バーチャルデスクトップの特徴とユーザー側のメリット

仮想デスクトップの利用とはどのようなものなのか?

最近になって、巷では「仮想デスクトップ」、「デスクトップ仮想化」、「VDI(Virtual Desktop Infrastructure)環境」、「バーチャルデスクトップ」などという言葉が使われる機会が増えて来ました。とは言うものの、それらの言葉を見聞きしていながらも、意味や内容が分からないという人も見受けられます。そういった問題を解決するためには、仮想デスクトップの概要や、シンクライアントとの相違点、構成する要素、特徴、ユーザーやシステム管理者、経営者にとってのメリット・デメリットに関する理解を深めることが大切です。

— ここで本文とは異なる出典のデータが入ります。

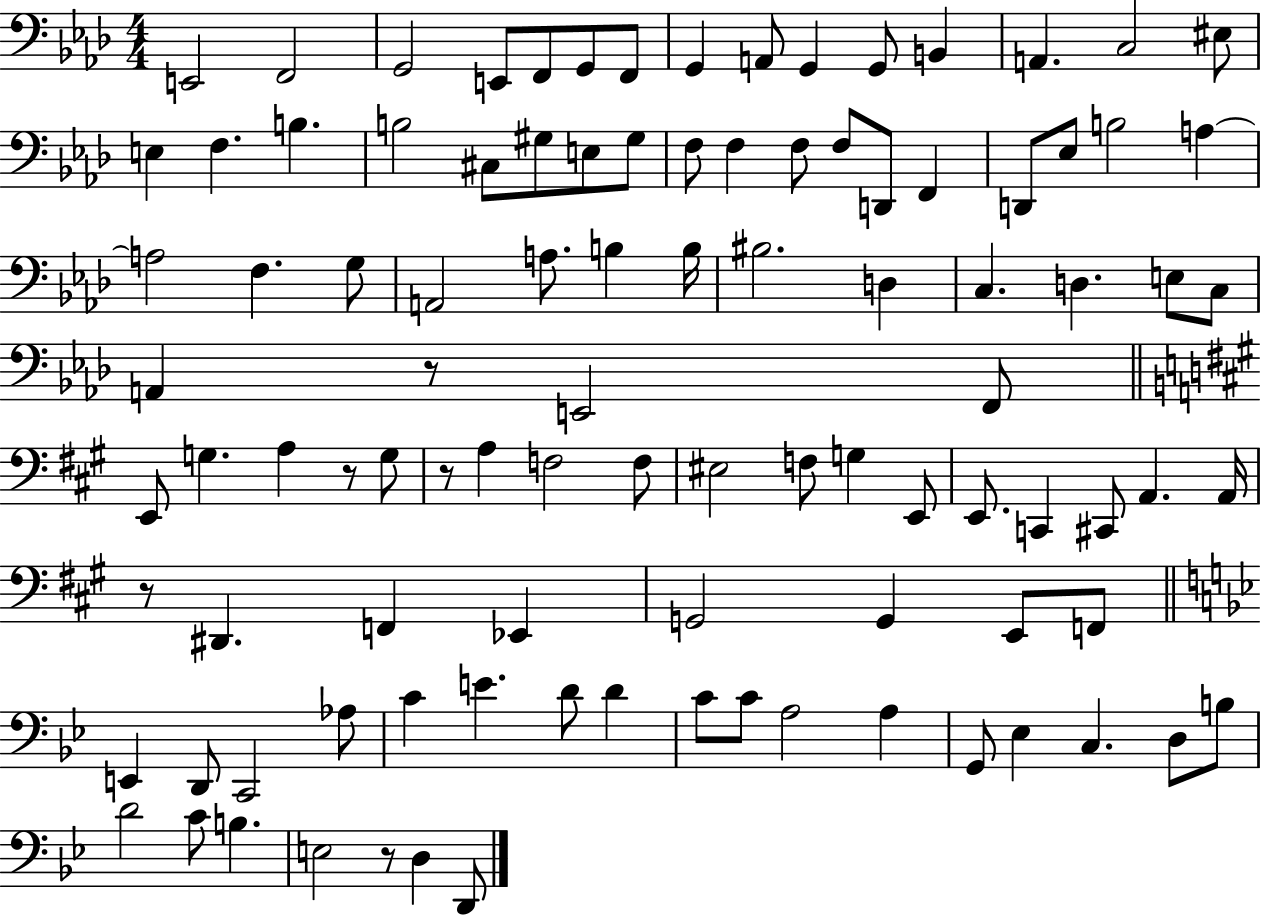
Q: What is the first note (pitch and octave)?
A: E2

クライアントのパソコンなどにおけるデスクトップ環境を、サーバー上で稼働させることを「デスクトップ仮想化」と呼んでいます。この方法を実践すれば、クライアントは、別のPCやタブレット端末を使用して、いつでも、どこにいても同じデスクトップ環境を利用することができるようになります。

デスクトップを仮想化するという技術そのものは、2008年ごろからありましたが、最近になってこの技術をサポートするサーバーやネットワークの技術革新が大幅に進展して来ました。そのような状況の中で、デスクトップ仮想化は、コストパフォーマンスが良くなり、急速に普及して来ています。

かつて選択されていたターミナル方式との相違点

デスクトップを仮想化する技術が登場する以前は、主としてターミナルサービス方式を採用したシンクライアントが存在しました。シンクライアントの方式には、ターミナルサービス方式、ブレード方式、デスクトップ仮想化方式があります。その内、ターミナルサービス方式では、複数のユーザーが1つのサーバーにログインし、共同使用することとなります。また、ブレード方式は、高い集約機能を有するブレードサーバーを用い、1クライアントにつき1つのブレードを割り当ててデスクトップ環境を使用するという方式になります。そして、デスクトップ仮想化方式には、サーバー仮想化の技術を利用したマシンによって、クライアントにデスクトップ環境が提供されます。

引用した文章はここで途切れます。